Your task
As you reproduce every line below, keep it exactly as written and leave out the images.

[Crawled caption data]
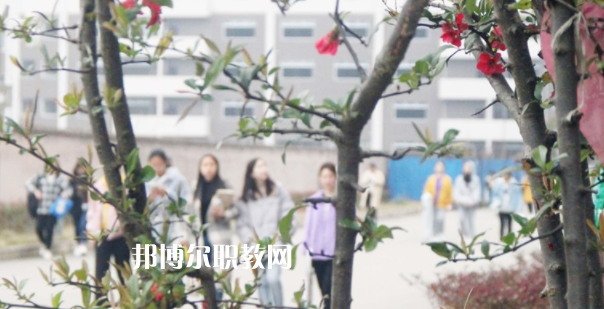 南充工貿(mào)科技職業(yè)學(xué)校2022年報名條件、招生要求、招生對象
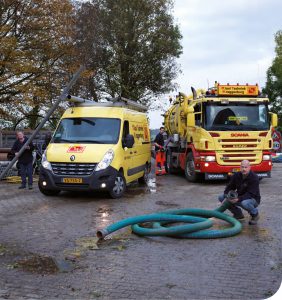 Rioleringsbedrijf wc, toilet en riool ontstoppen en verstopt in Steenwijkerwold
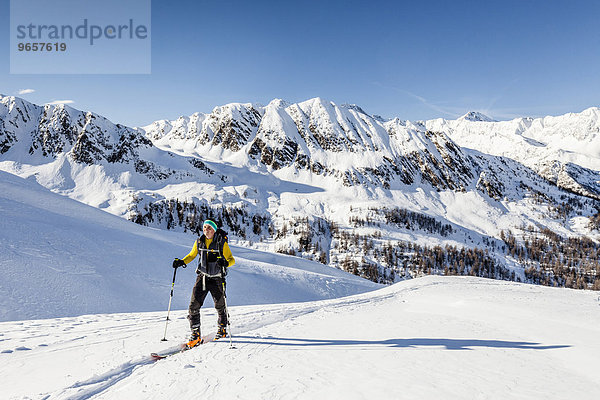 Skitourengeher beim Aufstieg auf das Zermaidjoch  hinten der Pfauses und Ganderberg  Moos in Passeier  Passeiertal  Meraner Land  Trentino-Südtirol  Italien  Europa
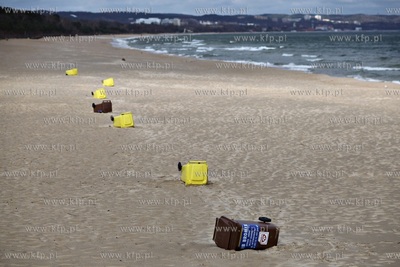 Silny wiatr nad Zatoką Gdańska. Nz. plaża w Gdańsku...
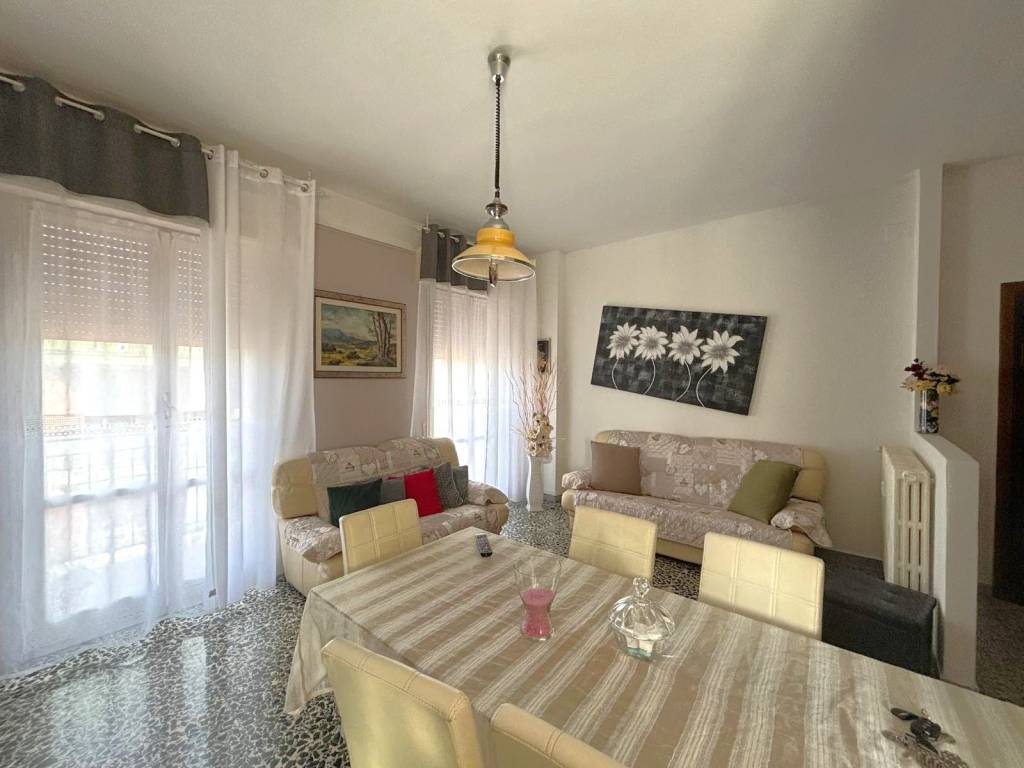 appartamento in vendita a Modena in zona San Lazzaro / Modena Est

Reply to the task
 南充工貿(mào)科技職業(yè)學(xué)校2022年報名條件、招生要求、招生對象
 Rioleringsbedrijf wc, toilet en riool ontstoppen en verstopt in Steenwijkerwold
 Skitourengeher beim Aufstieg auf das Zermaidjoch  hinten der Pfauses und Ganderberg  Moos in Passeier  Passeiertal  Meraner Land  Trentino-Südtirol  Italien  Europa
 Silny wiatr nad Zatoką Gdańska. Nz. plaża w Gdańsku...
 appartamento in vendita a Modena in zona San Lazzaro / Modena Est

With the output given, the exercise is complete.